On Thu, Mar 15, 2012 at 5:20 PM, Glenn Maynard <glenn at zewt.org> wrote:

> On Thu, Mar 15, 2012 at 6:51 PM, Jonas Sicking <jonas at sicking.cc> wrote:
>
>> What's the use-case for the "stringLength" function? You can't decode
>> into an existing datastructure anyway, so you're ultimately forced to
>> call "decode" at which point the "stringLength" function hasn't helped
>> you.
>>
>
> stringLength doesn't return the length of the decoded string.  It returns
> the byte offset of the first \0 (or the length of the whole buffer, if
> none), for decoding null-terminated strings.  For multibyte encodings (eg.
> everything except UTF-16 and friends), it's just memchr(), so it's much
> faster than actually decoding the string.
>

And just to be clear, the use case is decoding data formats where string
fields are variable length null terminated.

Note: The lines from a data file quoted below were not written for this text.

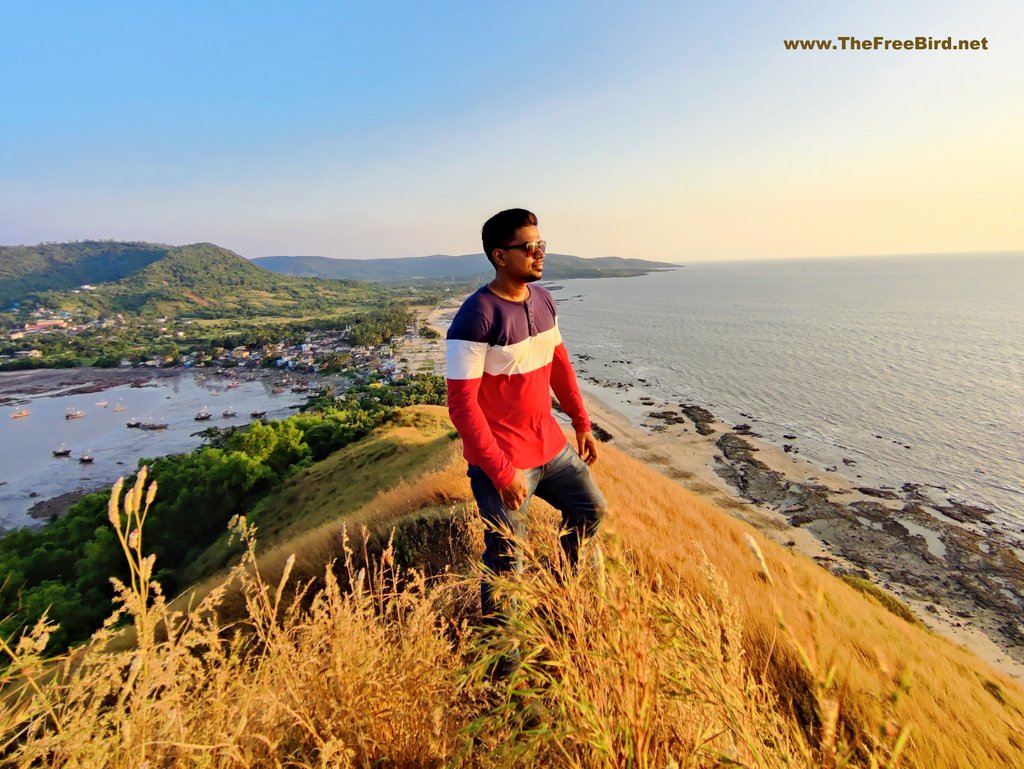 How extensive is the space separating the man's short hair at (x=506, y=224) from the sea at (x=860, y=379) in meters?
28.6

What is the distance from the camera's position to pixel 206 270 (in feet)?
650

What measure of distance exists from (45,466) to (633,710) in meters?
60.5

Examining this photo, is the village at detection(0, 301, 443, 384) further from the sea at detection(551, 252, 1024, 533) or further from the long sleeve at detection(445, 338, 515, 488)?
the long sleeve at detection(445, 338, 515, 488)

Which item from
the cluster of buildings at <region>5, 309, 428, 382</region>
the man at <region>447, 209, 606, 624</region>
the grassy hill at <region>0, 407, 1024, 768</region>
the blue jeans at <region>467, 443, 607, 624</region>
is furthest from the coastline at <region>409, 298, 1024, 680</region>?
the cluster of buildings at <region>5, 309, 428, 382</region>

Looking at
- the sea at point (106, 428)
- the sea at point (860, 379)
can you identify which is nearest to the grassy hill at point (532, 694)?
the sea at point (860, 379)

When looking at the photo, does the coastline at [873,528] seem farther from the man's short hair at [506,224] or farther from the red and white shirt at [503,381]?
the man's short hair at [506,224]

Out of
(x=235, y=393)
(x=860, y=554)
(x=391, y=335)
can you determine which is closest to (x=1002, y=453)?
(x=860, y=554)

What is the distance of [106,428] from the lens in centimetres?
5300

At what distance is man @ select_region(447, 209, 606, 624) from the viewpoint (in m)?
2.76

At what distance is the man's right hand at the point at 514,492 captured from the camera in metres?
2.76

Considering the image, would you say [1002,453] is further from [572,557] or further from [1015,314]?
[1015,314]

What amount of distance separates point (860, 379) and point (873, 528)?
26524 mm

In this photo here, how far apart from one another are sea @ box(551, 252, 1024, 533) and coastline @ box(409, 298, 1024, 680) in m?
1.84

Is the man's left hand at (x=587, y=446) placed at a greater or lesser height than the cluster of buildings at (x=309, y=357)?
greater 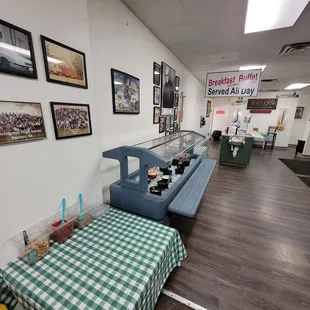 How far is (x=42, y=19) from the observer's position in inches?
39.1

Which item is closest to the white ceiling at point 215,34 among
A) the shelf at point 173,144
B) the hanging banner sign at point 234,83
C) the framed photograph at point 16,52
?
the hanging banner sign at point 234,83

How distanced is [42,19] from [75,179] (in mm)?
1118

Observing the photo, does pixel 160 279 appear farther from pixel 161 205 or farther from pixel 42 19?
pixel 42 19

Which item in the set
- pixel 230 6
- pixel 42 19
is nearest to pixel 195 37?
pixel 230 6

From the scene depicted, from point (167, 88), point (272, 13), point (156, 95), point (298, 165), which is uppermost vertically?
point (272, 13)

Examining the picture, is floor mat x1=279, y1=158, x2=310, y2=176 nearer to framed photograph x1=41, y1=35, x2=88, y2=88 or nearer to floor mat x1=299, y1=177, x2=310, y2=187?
floor mat x1=299, y1=177, x2=310, y2=187

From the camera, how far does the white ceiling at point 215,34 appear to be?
6.00ft

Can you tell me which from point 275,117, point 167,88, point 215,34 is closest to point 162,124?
point 167,88

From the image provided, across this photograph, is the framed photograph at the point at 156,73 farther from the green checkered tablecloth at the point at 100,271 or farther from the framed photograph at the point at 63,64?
the green checkered tablecloth at the point at 100,271

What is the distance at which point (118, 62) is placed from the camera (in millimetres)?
1810

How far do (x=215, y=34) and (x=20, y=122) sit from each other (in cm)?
285

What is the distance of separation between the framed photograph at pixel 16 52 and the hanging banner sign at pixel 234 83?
3.55 metres

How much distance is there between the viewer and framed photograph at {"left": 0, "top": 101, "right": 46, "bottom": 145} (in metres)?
0.88

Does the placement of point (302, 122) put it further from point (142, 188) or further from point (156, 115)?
point (142, 188) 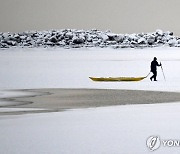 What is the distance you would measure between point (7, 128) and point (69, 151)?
2.26 m

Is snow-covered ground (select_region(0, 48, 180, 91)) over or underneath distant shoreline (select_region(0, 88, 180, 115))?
underneath

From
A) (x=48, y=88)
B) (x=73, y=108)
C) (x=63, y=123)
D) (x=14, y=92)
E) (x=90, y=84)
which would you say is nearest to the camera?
(x=63, y=123)

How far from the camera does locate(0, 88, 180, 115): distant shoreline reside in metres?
12.9

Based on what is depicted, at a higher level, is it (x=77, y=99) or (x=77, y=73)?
(x=77, y=99)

> Currently the use-case of simply wanting to convert a string to a
>> binary buffer is a bit cumbersome. You first have to call the
>> "encodedLength" function, then allocate a buffer of the right size,
>> then call the "encode" function.
>
>
> I suggested eg.
>
> result = encode("string", "utf-8", null).output;
>
> which would create an ArrayBuffer of the required size.  Presumably the
> null ArrayBufferView argument would be optional, so you could just say
> encode("string", "utf-8").
>

I think we want both encoding and destination to be optional. That leads us
to an API like:

out_dict = stringEncoding.encode("string", opt_dict);

.. where both out_dict and opt_dict are WebIDL Dictionaries:

opt_dict keys: view, encoding
out_dict keys: charactersWritten, byteWritten, output

... where output === view if view is supplied, otherwise a new Uint8Array
(or Uint8ClampedArray??)

If this instead is attached to String, it would look like:

out_dict = my_string.encode(opt_dict);

If it were attached to ArrayBufferView, having a right-size buffer
allocated for the caller gets uglier unless we include a static version.

It doesn't seem possible to implement the 'encode' function without
>> doing multiple scans over the string. The implementation seems
>> required both to check that the data can be decoded using the
>> specified encoding, as well as check that the data will fit in the
>> passed in buffer. Only then can the implementation start decoding the
>> data. This seems problematic.
>>
>
> Only if it guarantees that it doesn't write anything to the output buffer
> unless the entire result will fit.  I don't think we need to do that; just
> guarantee that it'll be truncated on a whole codepoint.
>

Agreed. Input/output dicts mean the API documentation a caller needs to
read to understand the usage is more complex than a function signature
which is why I resisted them, but it does seem like the best approach.
Thanks for pushing, Glenn!

In the create-a-buffer-on-the-fly case there will be some memory juggling
going on, either by initially over allocating or reallocating/moving.

> I also don't think it's a good idea to throw an exception for encoding
>> errors. Better to convert characters to the unicode replacement
>> character. I believe we made a similar change to the WebSockets
>> specification recently.
>>
>
> Was that change made?  I filed
> https://www.w3.org/Bugs/Public/show_bug.cgi?id=16157, but it still seems
> to be undecided.
>

Settling on an options dict means adding a flag to control this behavior
(throws: true ?) doesn't extend the API surface significantly.